Full of action, danger, and suspense, Mack Little’s Shelter in a Hostile World is a richly detailed and evocative work of historical fiction that shines an unflinching light on dark episodes from the past. Moreover, it is populated by a well-developed cast of characters—both the good and the bad—whose thoughts, behaviors, and dialogue ring true for the period and capture the contemporary reader’s attention.
Barbados, 1651. Badu binds the defeated red-haired witch to the trunk of a kapok tree as the sounds of musket shots ring out in the distance. Together with Black John, the Obeahman, he awaits the arrival of the duppies, the spirits of children returned to take revenge on the white witch for their suffering. Briefly tearing his eyes away from the bloody spectacle, Badu realizes that one of the duppies has not come for the witch, it has come for him.

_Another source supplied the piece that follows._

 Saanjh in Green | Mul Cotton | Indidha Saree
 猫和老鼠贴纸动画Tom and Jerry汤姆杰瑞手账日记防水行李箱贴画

Obosi, 1628. Fifteen-year-old Badu, a skilled hunter and wrestling champion, hopes that his sporting prowess will be enough to convince his beloved Ekemma’s mother of his suitability as a husband despite his father’s lowly status in the village. However, the presence of ravens indicates that the ancestors are unhappy, and Badu is one of the few who know the dreadful reason for their displeasure.
To reveal the shocking links between these two events and trace the course of Badu’s life from his traditional childhood in Igboland to his traumatic adulthood as a rebellious slave on Barbados, Shelter in a Hostile World presents a dual timeline narrative that alternates between 1651 and 1628. In so doing, it elucidates the tragedies that befell Badu and ripped him from his homeland as well as the bravery and victories that later saw him rise up against oppression and seek freedom for his family.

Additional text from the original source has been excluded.